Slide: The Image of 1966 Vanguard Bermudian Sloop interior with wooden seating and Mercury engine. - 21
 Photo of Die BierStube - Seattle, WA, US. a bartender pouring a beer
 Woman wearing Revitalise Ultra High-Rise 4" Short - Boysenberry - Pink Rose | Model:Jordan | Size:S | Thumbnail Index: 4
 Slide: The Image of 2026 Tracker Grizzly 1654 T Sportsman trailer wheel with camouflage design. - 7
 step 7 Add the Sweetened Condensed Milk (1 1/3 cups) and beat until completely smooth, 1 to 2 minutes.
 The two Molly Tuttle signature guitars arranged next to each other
+++++
▶ _Problem description_: Once the line with "Woman wearing Revitalise" is found, write out that line and every one after it through the last line of the records, exactly and with nothing else.

▶ _Written solution_:
 Woman wearing Revitalise Ultra High-Rise 4" Short - Boysenberry - Pink Rose | Model:Jordan | Size:S | Thumbnail Index: 4
 Slide: The Image of 2026 Tracker Grizzly 1654 T Sportsman trailer wheel with camouflage design. - 7
 step 7 Add the Sweetened Condensed Milk (1 1/3 cups) and beat until completely smooth, 1 to 2 minutes.
 The two Molly Tuttle signature guitars arranged next to each other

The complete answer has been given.